Z MICHAŁEM KAŹMIERCZAKIEM, PREZESEM ZARZĄDU EUROPA SYSTEMS SP. Z O.O., ROZMAWIA SŁAWOMIR GÓRZYŃSKI

- Co zmieniło się w firmie od zeszłego roku, kiedy rozmawialiśmy z pańskim poprzednikiem, również na Targach Tire Technology Expo?

- Przede wszystkim wprowadziliśmy nowy produkt do oferty Europa Systems, innowacyjny pod kątem technologii zasilania. Jest to ES Gear - samojezdny, automatyczny wózek transportowy tzw. Automated Guided Vehicle [AGV], który ma zastosowanie również w branży oponiarskiej m.in. w procesie transportu technologicznego green tire. Premiera tego produktu odbędzie się podczas międzynarodowych targów intralogistycznych LogiMAT2017 w Stuttgarcie. Natomiast wracając do kwestii branży oponiarskiej - cały czas patrzymy na ten sektor, jak dynamicznie się rozwija nie tylko w naszym kraju, ale i na całym świecie. Koncerny oponiarskie nie mogą sobie pozwolić na stagnację. W tej branży jest olbrzymia konkurencja. Dlatego firmy inwestują w nowe produkty, w ogóle w badania nad innowacjami. I ten kierunek mi się podoba.

- Czy na targach rozmawialiście może z przedstawicielami koncernów oponiarskich?

- Tak. Byli u nas nasi obecni i potencjalni klienci, przedstawiciele takich firm, jak: Bridgestone, Michelin czy Goodyear. Każda z nich ma jakieś plany rozwojowe, także w zakresie zakupów wewnętrznych systemów transportowych. Dla nas to bardzo dobra wiadomość. Obecnie najwięcej inwestycji w przemysł oponiarski jest realizowanych w Azji oraz USA. Europa pod tym względem w najbliższym czasie będzie wyglądać nieco bladziej - chyba że pan ma inne dane w tym temacie?

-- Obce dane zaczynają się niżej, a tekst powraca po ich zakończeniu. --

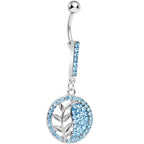 Aqua Gem Tranquility Palm Yin Yang Dangle Belly Ring
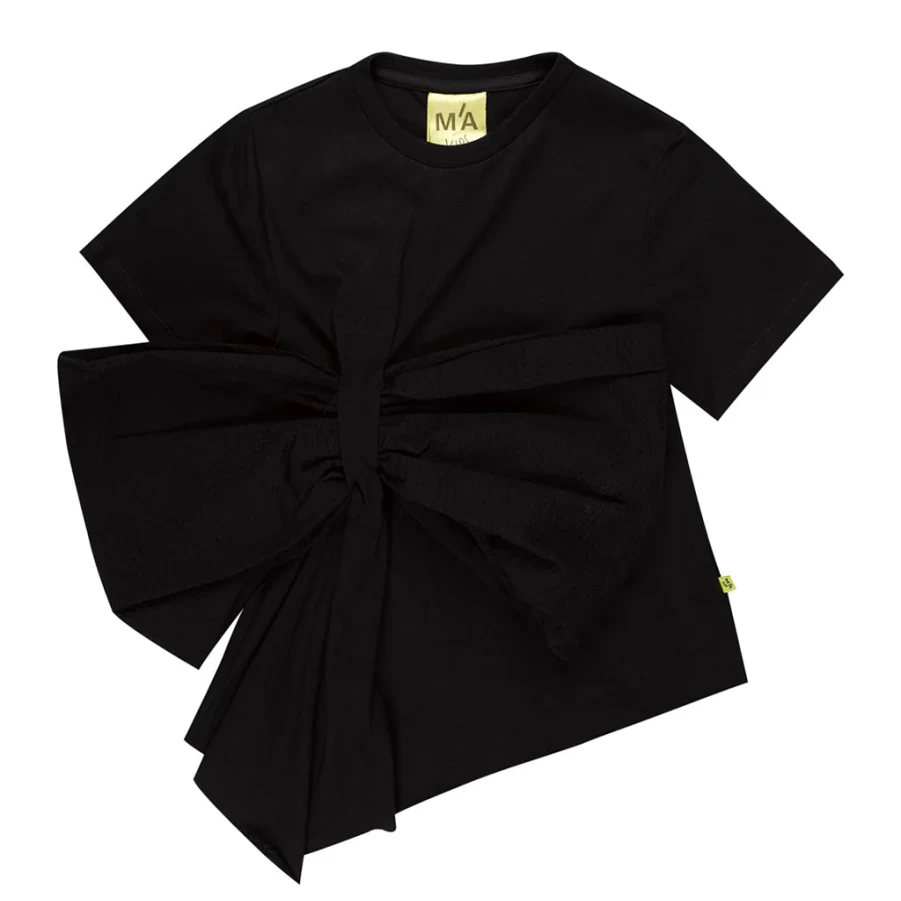 "KIDS21 Black Big Bow T-Shirt for Kids - Stylish & Comfortable Top"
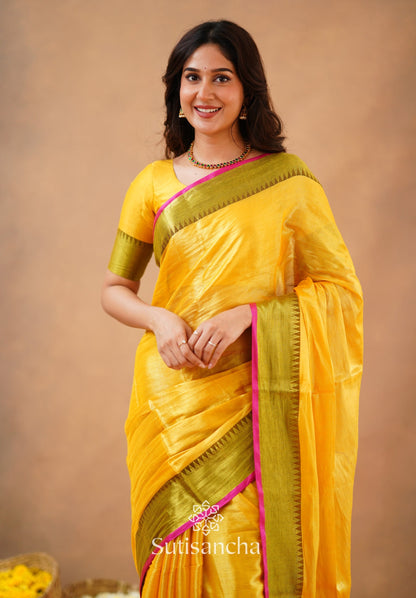 Dhiyona SS Sutisancha Yellow Handloom Cotton Tissue Saree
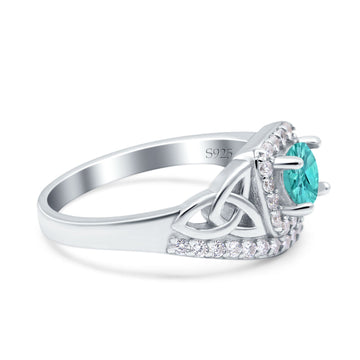 Celtic Art Deco Wedding Ring Round Simulated Paraiba Tourmaline CZ 925 Sterling Silver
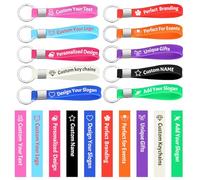 Lot de 5/10/50/100 Porte-clés en Silicone Personnalisés avec Texte/Logo, en Caoutchouc pour Événements, Cadeaux et Campagnes de Sensibilisation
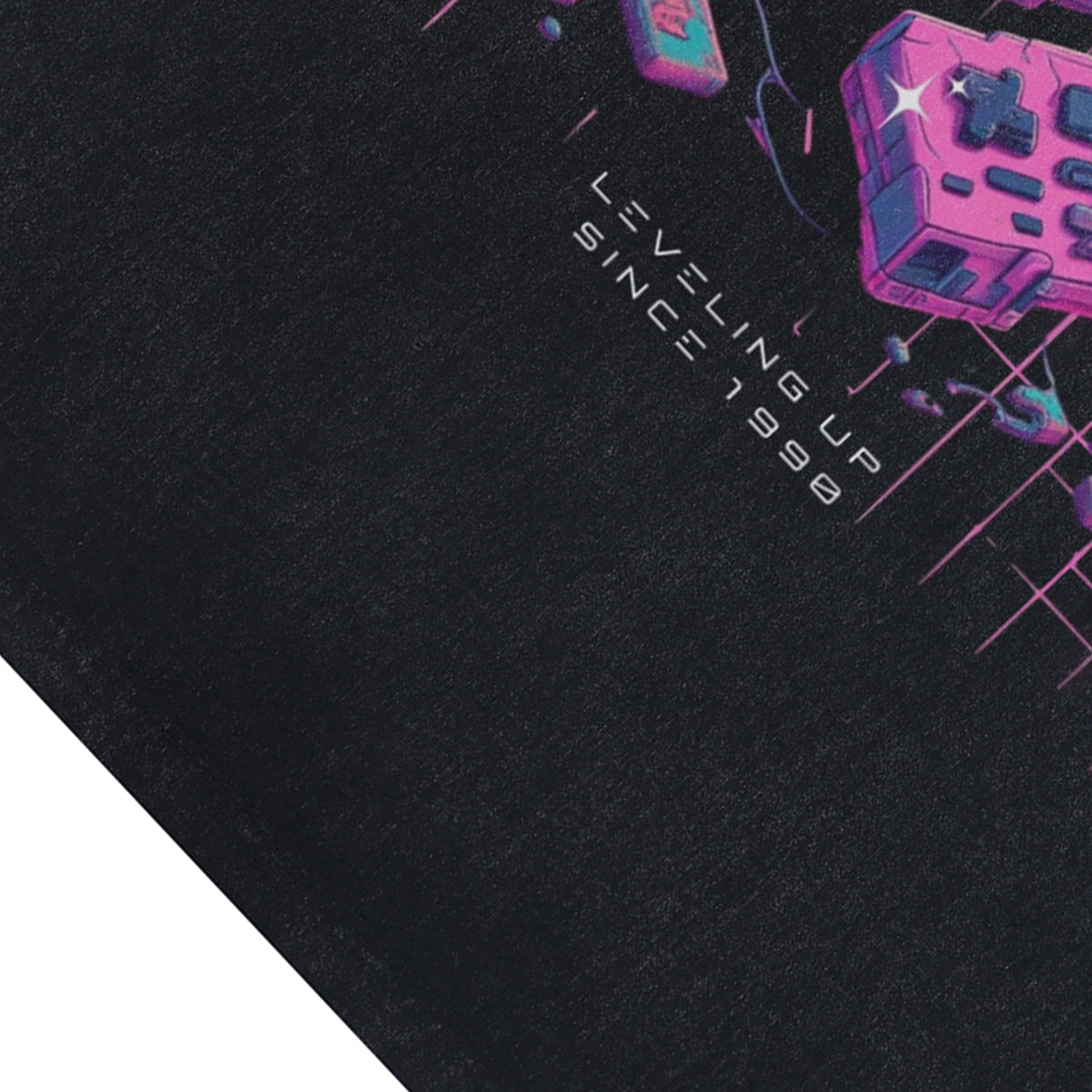 Gamer sleeveless t-shirt retro console print surfer vest 00s raver tank top in acid wash black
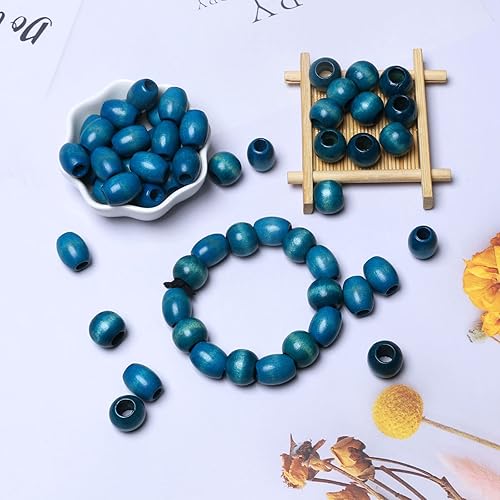 Miniatura 9 de Cuentas de madera ovaladas de 0.669 x 0.551 in con agujero de 0.197 in de color marrón oscuro cuentas sueltas de madera para manualidades, 40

- W Europie koncerny także inwestują, np. w Czechach Nexen, a na Węgrzech Hankook, ale faktycznie nie tak intensywnie jak w Azji czy USA. Zatem jakie inne sektory - poza branżą oponiarską, Europa Systems obsługuje w zakresie automatyzacji produkcji ?

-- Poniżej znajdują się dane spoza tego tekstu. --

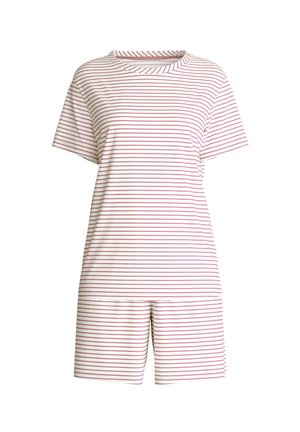 Striped short-sleeve romper in light pink and burgundy. Soft fabric with a round neckline and relaxed fit, featuring horizontal stripes.
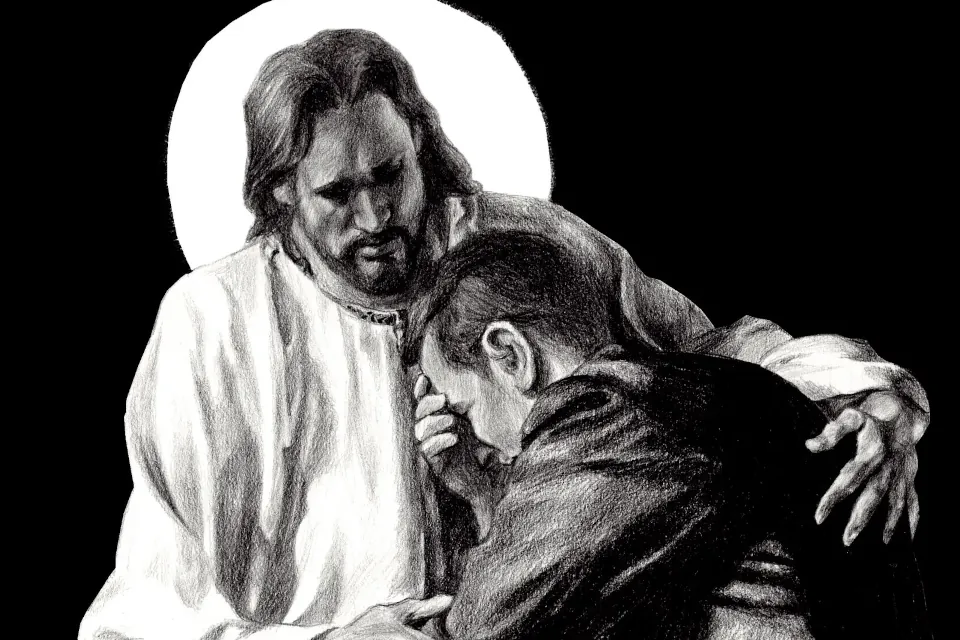 confession Jesus drawing illustration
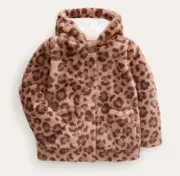 Mini Boden Kids' Leopard Print Faux Fur Hooded Coat 2-3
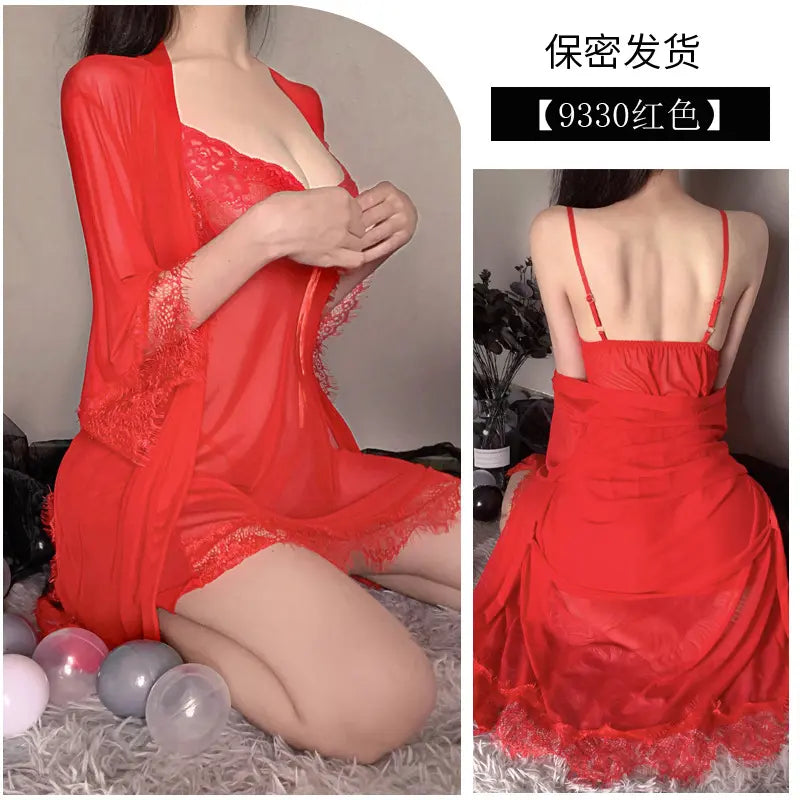 Bossman Hot sale sexy lingerie set new lace dressing gown set slip dress long sleeve robe set lingeries womens sexy underwear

- Oczywiście, że współpracujemy również z innymi sektorami. Przecież magazyny i nowe fabryki budują nie tylko firmy oponiarskie. Europa Systems jest czołowym dostawcą zautomatyzowanych systemów transportu w obszarach End-Of-Line, czyli końcówek linii produkcyjnych, gdzie gotowe produkty na paletach, są na naszych liniach przenośników, transportowane na magazyn lub do klienta końcowego. Nie zmienia to faktu, że branża oponiarska to jedna z naszych kluczowych branż. Tak, jak powiedziałem wcześniej, konkurencja u oponiarzy jest olbrzymia i chętnie adaptowane są w niej coraz to nowe rozwiązania, w tym w zakresie logistyki transportu. Dlatego współpracujemy zarówno z producentami maszyn i urządzeń, ale też produktów masowych. Naszymi klientami są firmy zarówno z Zachodu, jak i Wschodu Europy. Współpracujemy z klientami, którzy budują magazyny i wyposażają je w całą infrastrukturę, włącznie z urządzeniami transportowymi. Tę ostatnią część wykonuje nasza firma. Przygotowujemy manipulatory, które przekładają opony z miejsca na miejsce lub przenoszą je nawet na spore odległości.

- Jedna z większych chińskich korporacji oponiarskich zaczęła też budowę hal produkcyjnych, aby obejść surowe amerykańskie cła na opony z Chin?

- I to było chyba najlepsze rozwiązanie. Oni teraz realizują dużo takich projektów budując fabryki, również do produkcji opon.

- Czy to także szansa dla Was na wejście ze swoimi produktami, np. na rynek amerykański?

- Obecnie nasz cel to umocnienie pozycji na rynku europejskim. Przede wszystkim dlatego, że obsługujemy naszych klientów kompleksowo, szczególnie pod kątem usług serwisowych i gwarantowanego 24/7, a poza Europą nie mamy jeszcze stałych partnerów, ale pracujemy nad tym.

- W ilu krajach jesteście obecni?

- Nasze produkty i rozwiązania są obecne w 35 krajach na całym świecie. Jednak dla niektórych odbiorców nie my jesteśmy bezpośrednim dostawcą. Nasze systemy trafiają w większości do Niemiec, Anglii, Francji, Polski, trochę na Ukrainę. Pozostałe kraje w większości zaopatrujemy poprzez pośredników. Mamy także partnerów w Holandii i Luksemburgu, gdzie to nasi bezpośredni klienci obsługują inny segment przemysłu niż oponiarski.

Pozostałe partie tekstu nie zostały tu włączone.